### Problem statement
Could you repeat the data word for word while skipping the pictures?

### Given data
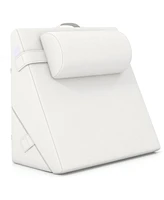 Sugift 3 Pieces Bed Wedge Pillow Set with Air Memory Foam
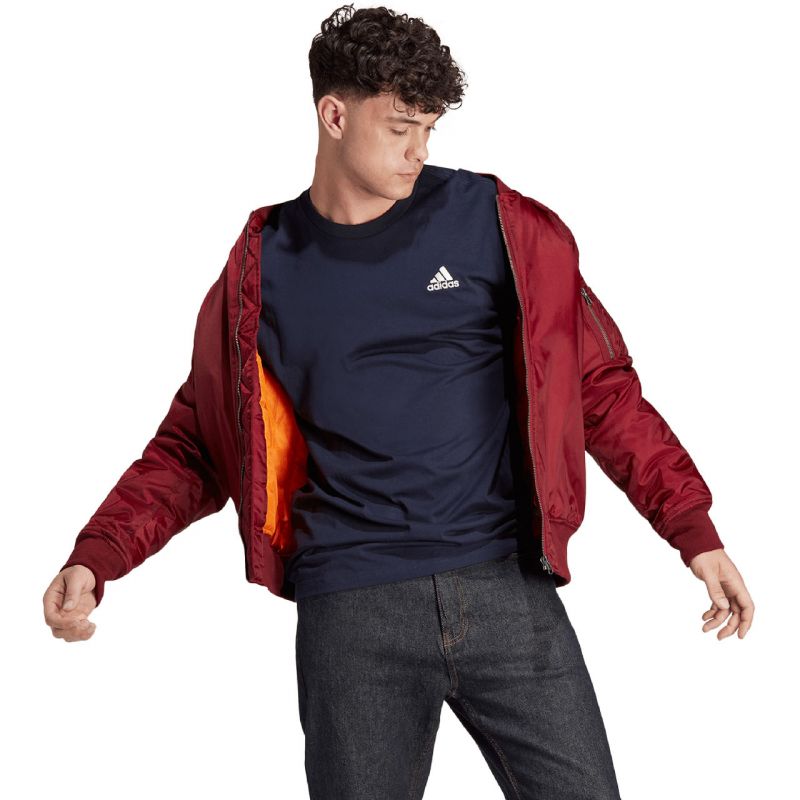 Koszulka adidas Essentials Jersey Embroidered Small Logo M HY3404 - obrazek 4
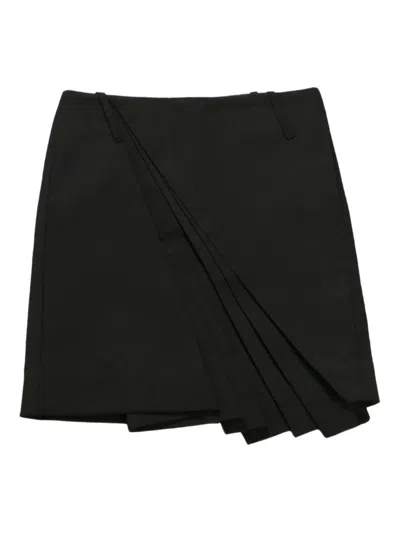 Fax Copy Express Wrap Skirt In Black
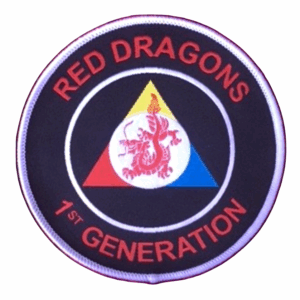 1ST GENERATION BADGE - 10cm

### Solution to the problem
 Sugift 3 Pieces Bed Wedge Pillow Set with Air Memory Foam
 Koszulka adidas Essentials Jersey Embroidered Small Logo M HY3404 - obrazek 4
 Fax Copy Express Wrap Skirt In Black
 1ST GENERATION BADGE - 10cm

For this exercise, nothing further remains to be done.